:: Task description ::
From the line containing "The Who performing" down to the last line of the material, output each line exactly as it appears, excluding pictures.
· · · · · · ·
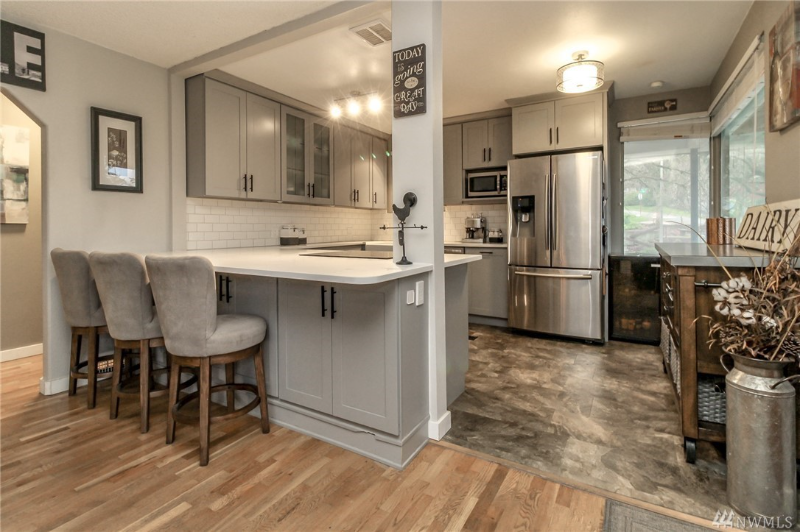 120 Kennebeck Ave S - Photo 6 of 30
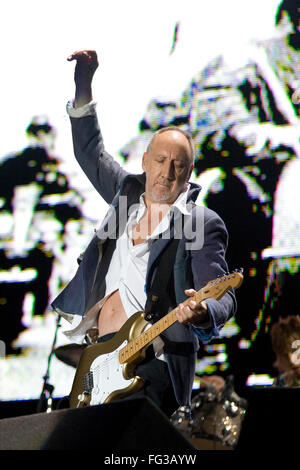 The Who performing live on the pyramid stage at the Glastonbury Festival 2007, Somerset, England, United Kingdom. Stock Photo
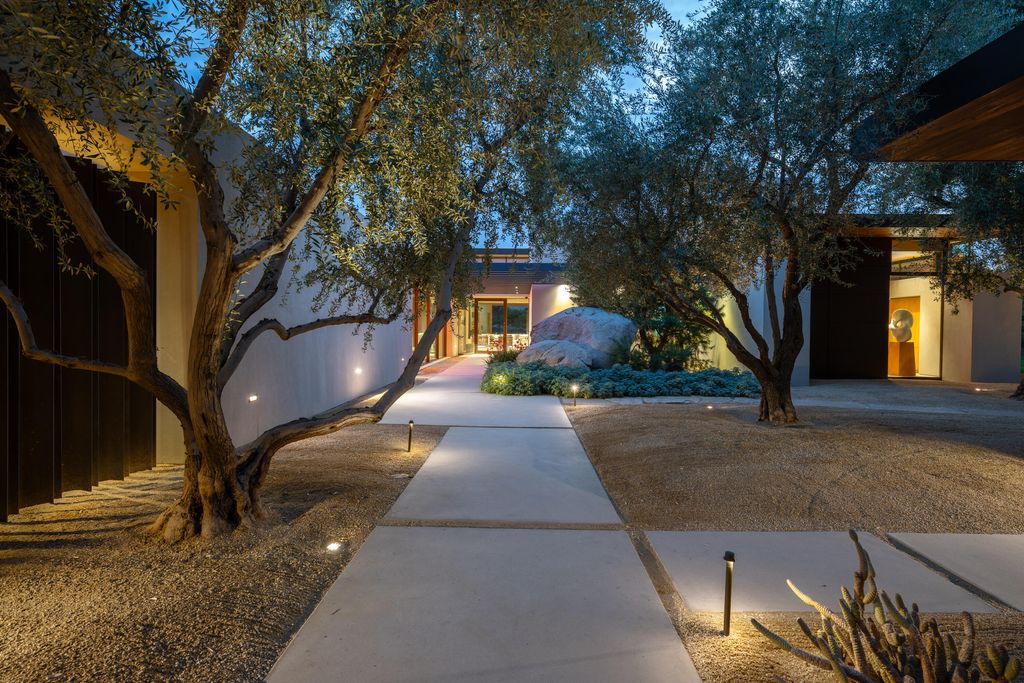 Photo of 53281 Ross Avenue, La Quinta, CA 92253 (MLS # 219138513)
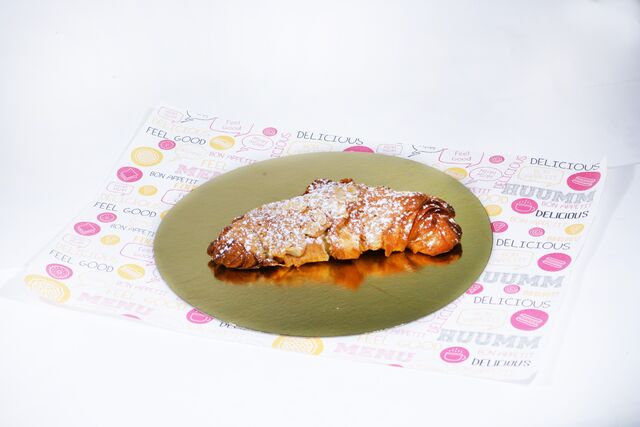 Croissant aux amandes 1.30euros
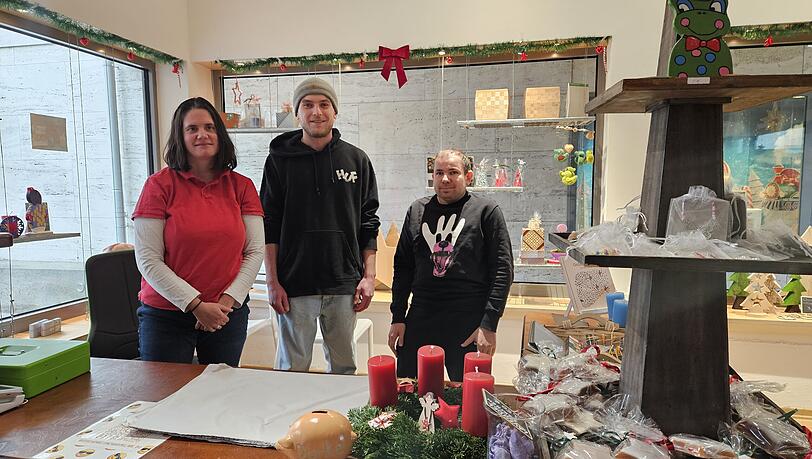 Tanja Freudlsperger (l.) arbeitet fest im Laden, ihr Kollege Patryck Malkiewicz (r.) unterstützt sie einmal pro Woche, sonst ist er in der Seifenmanufaktur in Moosach. "Den Kontakt mit den Kunden brauche ich einfach“, sagt er. Gruppenleiter Max Suppmayr (Mitte) unterstützt.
· · · · · · ·
:: Reply ::
 The Who performing live on the pyramid stage at the Glastonbury Festival 2007, Somerset, England, United Kingdom. Stock Photo
 Photo of 53281 Ross Avenue, La Quinta, CA 92253 (MLS # 219138513)
 Croissant aux amandes 1.30euros
 Tanja Freudlsperger (l.) arbeitet fest im Laden, ihr Kollege Patryck Malkiewicz (r.) unterstützt sie einmal pro Woche, sonst ist er in der Seifenmanufaktur in Moosach. "Den Kontakt mit den Kunden brauche ich einfach“, sagt er. Gruppenleiter Max Suppmayr (Mitte) unterstützt.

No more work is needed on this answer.